Now Playing: NoNeed

NoNeed began life as yet one more by-the-numbers reggae/ska-punk outfit, playing weekend bar gigs for college crowds in Tampa, Fla. With most of the members enrolled in the jazz program at nearby University of South Florida, they were an exceptionally polished crew.  But their familiar brand of pop-Jamaican jam was unlikely to linger too long in the memory once the Red Stripe ran dry.

But between the band’s inaugural release of 2013’s “All That We Are” LP, and their aptly-titled 2016 “The Beginning” EP, NoNeed found new sources of songwriting inspiration, drawing broadly from the canon of modern popular music, and specifically from the work and career of songwriter/performer/producer Bruno Mars.

“Something about his story inspired us,” singer-guitarist Sebastian Tenorio says of Mars. “He listened to and studied pop music for a few years in the process of his becoming a producer and songwriter. So we decided to do that, too. We listened to artists like Mars and Michael Jackson and Stevie Wonder, and we asked ‘How can we do this? How do we make music that’s both interesting and palatable?'”

Speaking by phone on a break from the road, Tenorio recalls the earliest days of NoNeed, back in 2012 when founder/guitarist James Harnage, a reggae enthusiast, shared his love of island rhythms with fellow members of the fledgling band. Harnage has since stopped touring with NoNeed, but is still active as a songwriter and hometown performer.

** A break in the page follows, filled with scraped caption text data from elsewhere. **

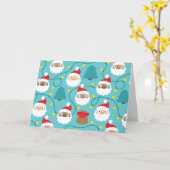 Modèles de Pères Noël (Fleur jaune)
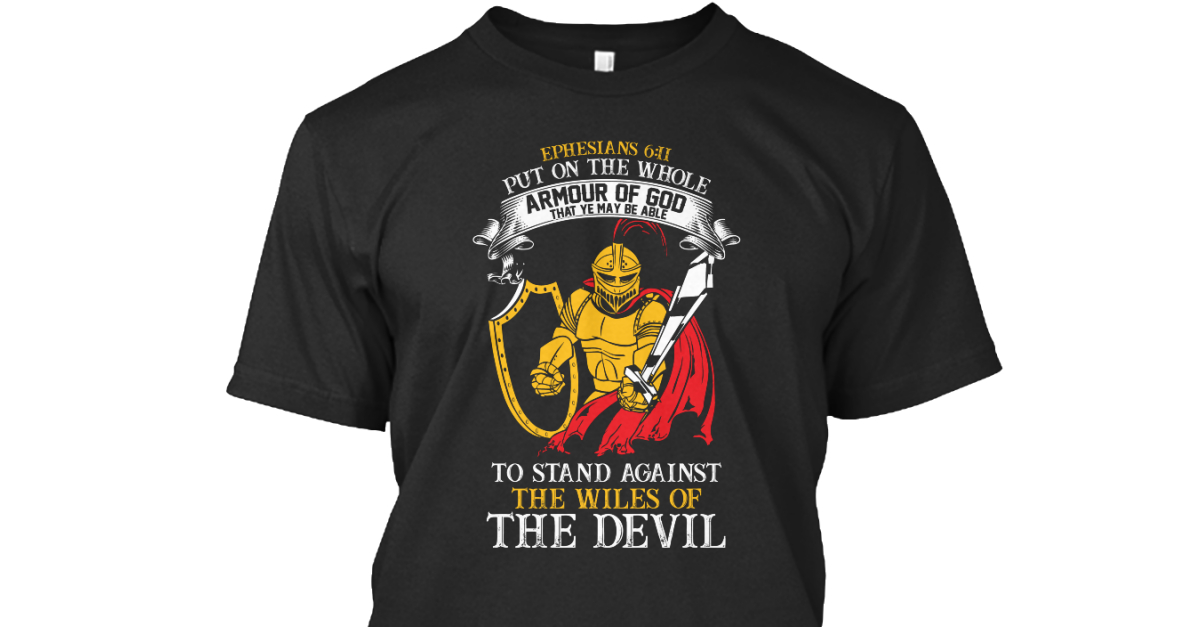 armour of god t shirt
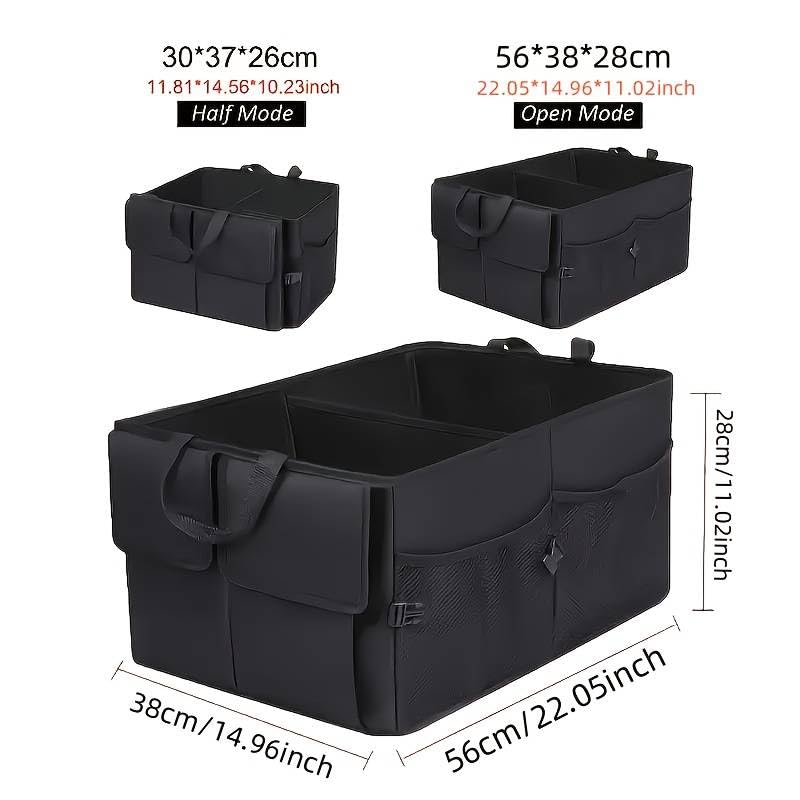 Premium Collapsible Car Trunk Organizer | Durable Multi-Section Vehicle Storage
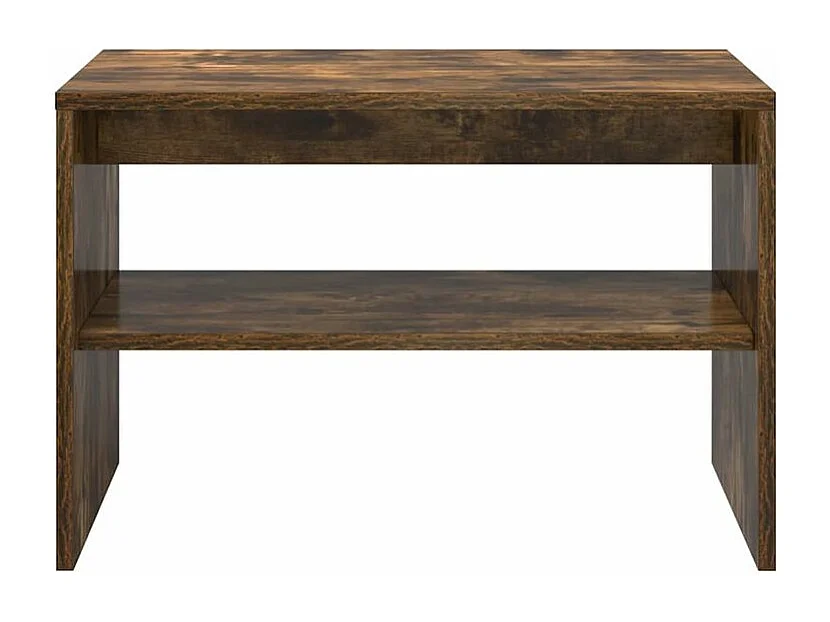 Meuble TV chêne fumé 60x40x40 bois d'ingénierie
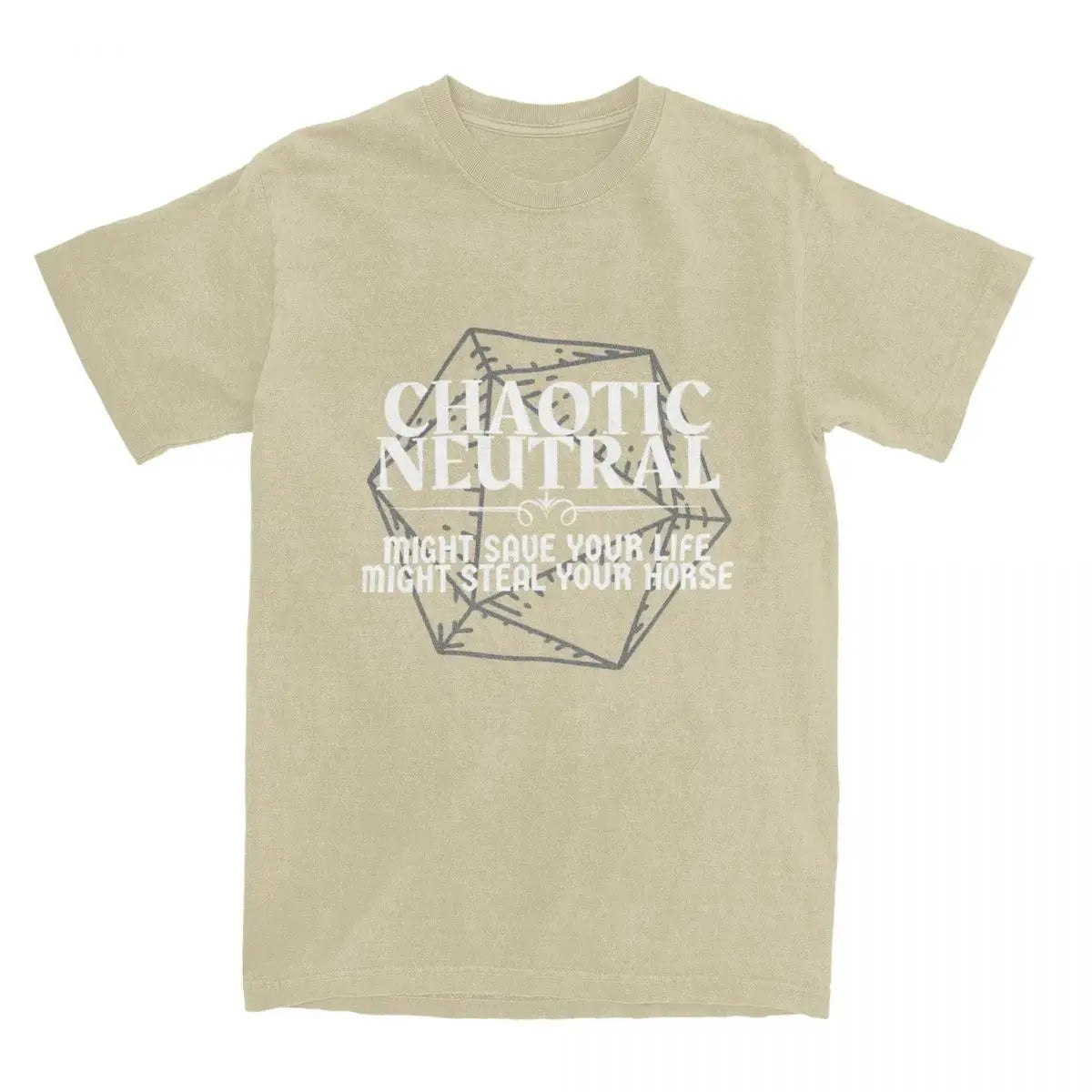 Chaotic Neutral Might Save Your Life T-Shirt – Funny DND Graphic Tee for Men & Women | Cotton RPG Top Gamers Guild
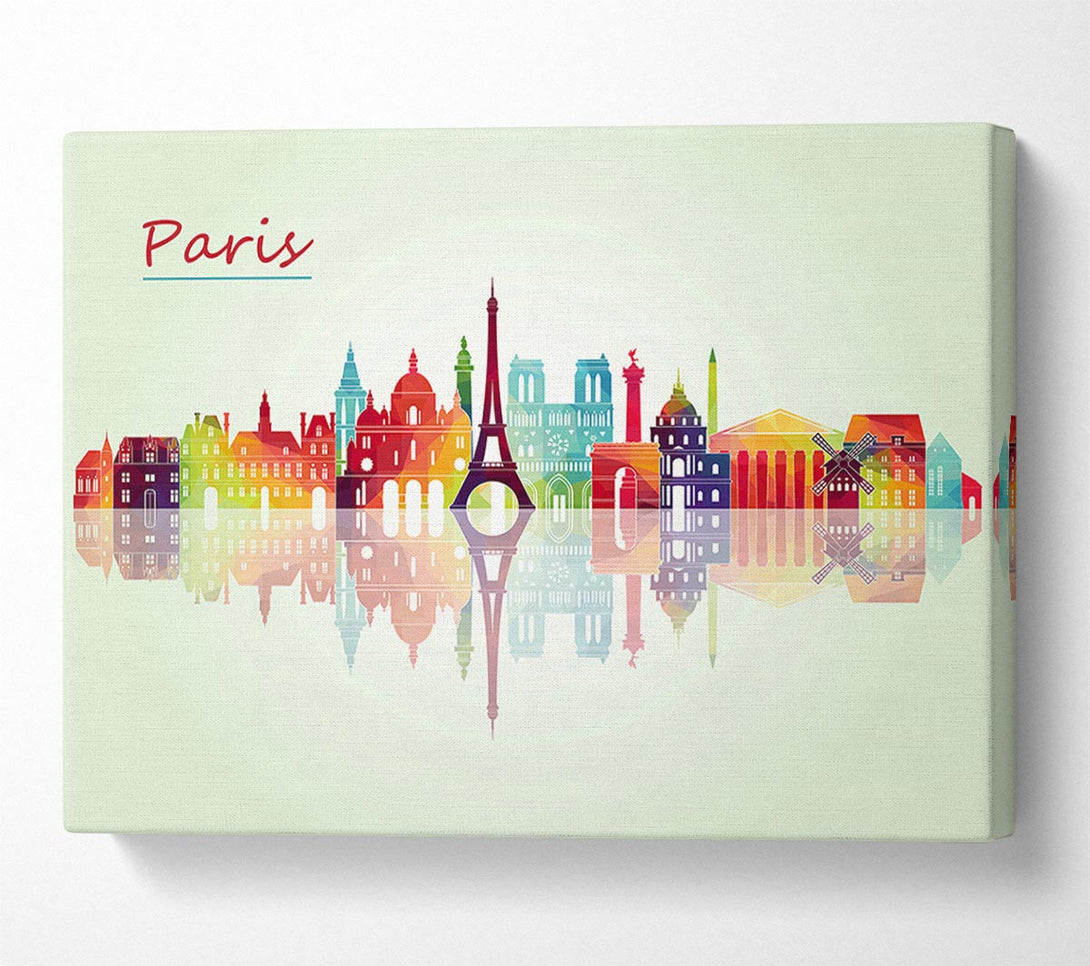  A Canvas Print of Eiffel Tower France 6 Canvas Print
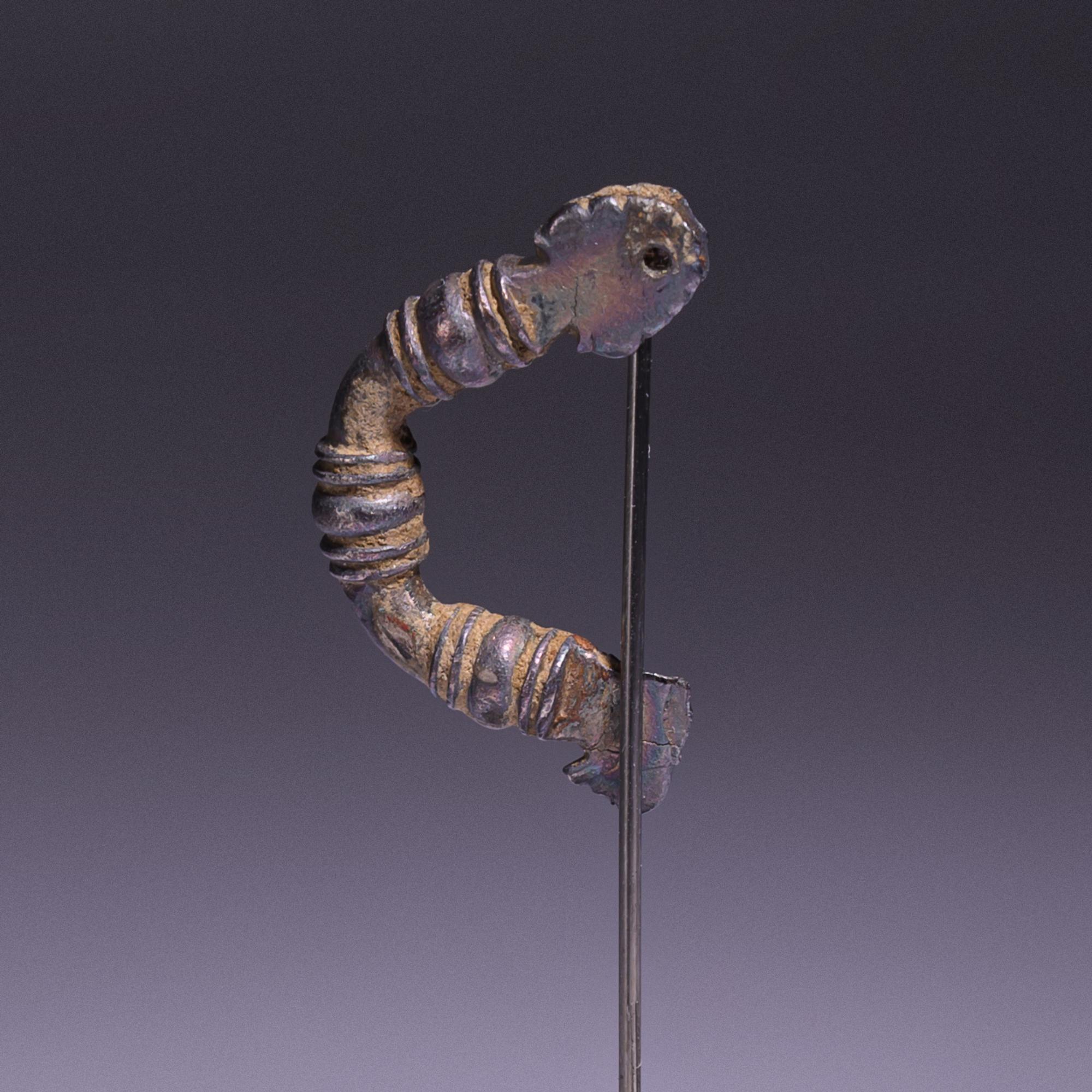 A Greek Bronze Fibula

“The rest of us really didn’t listen to reggae when we got together,” Tenorio tells. “The other guys were into crazy jazz stuff, John Coltrane and Sonny Rollins and music like that. But James was so into reggae, and he got the rest of us into it through his enthusiasm. We never tried to be traditional, roots reggae, but we definitely embraced a ska-punk-reggae thing.”

But the creeping influence of contemporary popsters like the aforementioned Mars, or of another NoNeed favorite, Maroon 5, had a curious effect on the young band. With the advent of last year’s “The Beginning,” NoNeed began to sound less like standard-issue reggae revisionists, and more like  a viable pop-rock entity of their own making.

To be sure, the band’s songs were still possessed of the languid essence and telltale rhythmic skank that marked them as distinctly “reggae-esque.” But the tunes also featured bright, viscous pop hooks and succulent melodies, the whole of it led by Tenorio’s agile tenor, a versatile instrument capable of pulling off either cynical sangfroid or guileless charm, sometimes within the space of a single verse.

“We actually got a call from someone at Billboard after the release,” Tenorio relates. “They were sizing up the record, and the guy who called said, ‘I’m not entirely sure that you should be on the reggae chart, unless you can give me a good reason why.’ And we really couldn’t give him a reason. So they put us on the ‘alternative rock’ chart.”

In the meantime, Tenorio says band members had already committed to a more rigorous touring and writing schedule, in the interest of making a NoNeed a full-time proposition. Collectively, they purchased a van and a trailer, and began taking extended jaunts around the Southeast, soon followed by a couple of national tours.

Now they’re working on a full-length follow-up to last year’s “The Beginning,” a record Tenorio says will showcase the full measure of their newly cultivated songwriting savvy. “We learned a lot about the art of pop songwriting in making that EP,” he says. “We approached it as a learning process, and that’s what turned out to be.

“One of the things we picked up from Bruno Mars is how to recognize when we’ve written a good song. Someone asked him that question once, about how he could tell when he had written a ‘hit.’ His answer was that if a song gives him the same feeling when he performs it that he gets when he performs a song that’s already a hit, that’s when he knows. In our case, every song on our last record feels right when I sing it. That’s how we want all our songs to feel from now on.”

NoNeed will perform at Preservation Pub Thursday, Sept. 28 at 10 p.m.